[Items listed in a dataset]
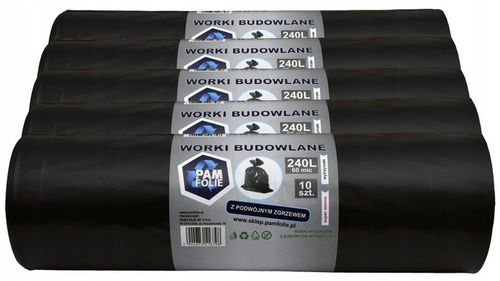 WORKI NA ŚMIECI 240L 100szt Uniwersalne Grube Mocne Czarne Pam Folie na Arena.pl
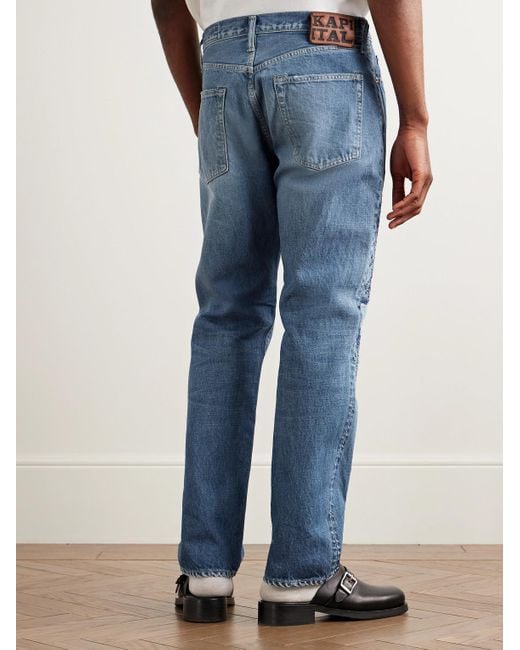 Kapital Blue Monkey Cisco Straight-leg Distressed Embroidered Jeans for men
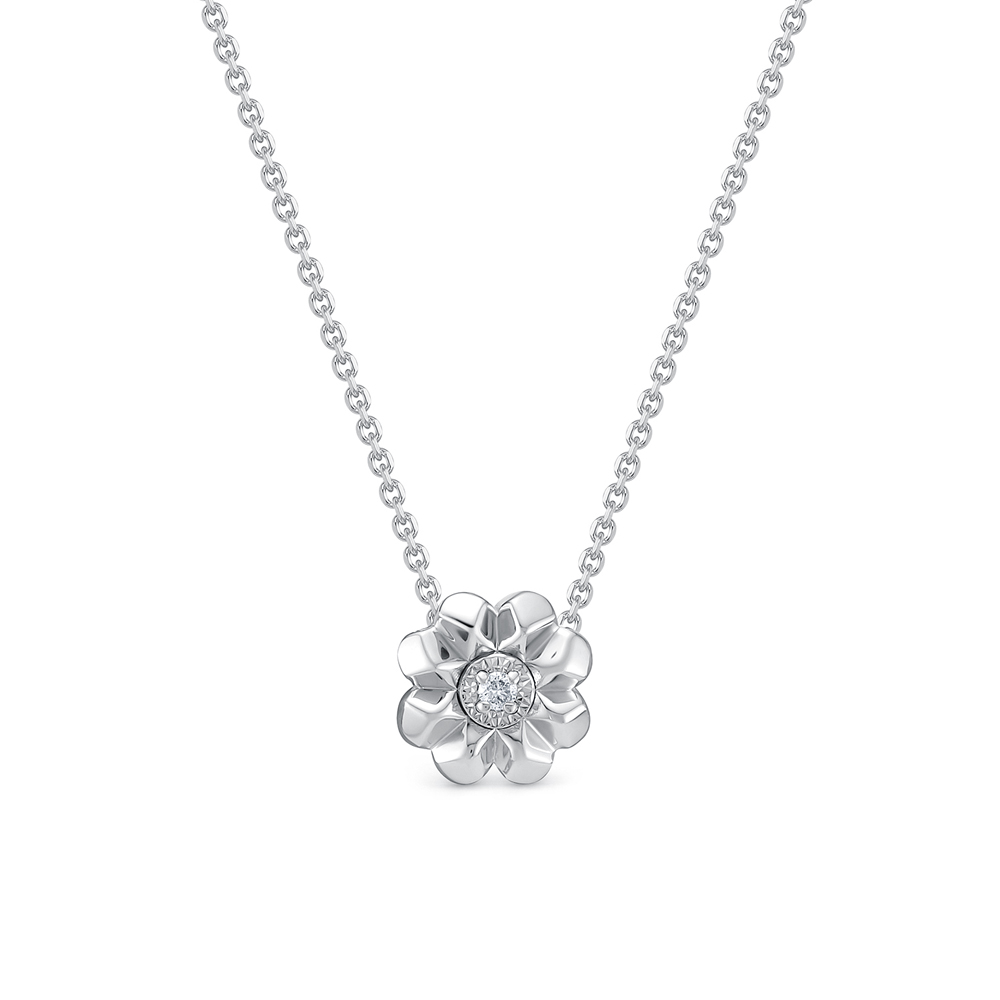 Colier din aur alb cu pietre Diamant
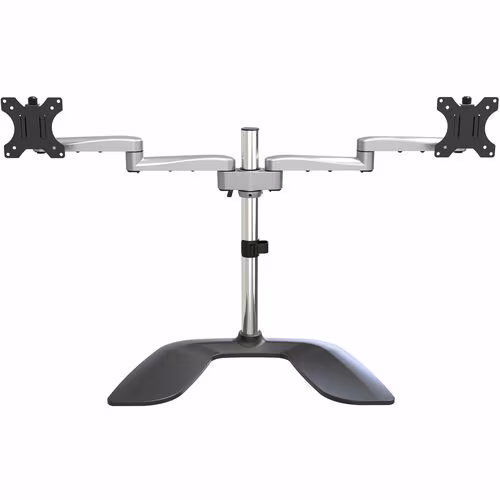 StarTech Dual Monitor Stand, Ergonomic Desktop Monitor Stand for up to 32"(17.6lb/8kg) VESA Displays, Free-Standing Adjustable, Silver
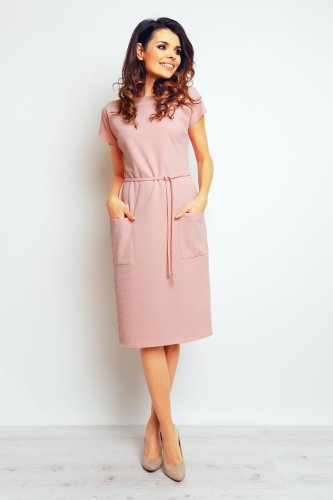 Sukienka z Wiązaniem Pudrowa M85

* **What to do**: Only the lines starting at the one that holds "Kapital Blue Monkey" and ending at the last line of the data belong in your answer. Please set them down exactly and omit the pictures.

* **Answer box**:
 Kapital Blue Monkey Cisco Straight-leg Distressed Embroidered Jeans for men
 Colier din aur alb cu pietre Diamant
 StarTech Dual Monitor Stand, Ergonomic Desktop Monitor Stand for up to 32"(17.6lb/8kg) VESA Displays, Free-Standing Adjustable, Silver
 Sukienka z Wiązaniem Pudrowa M85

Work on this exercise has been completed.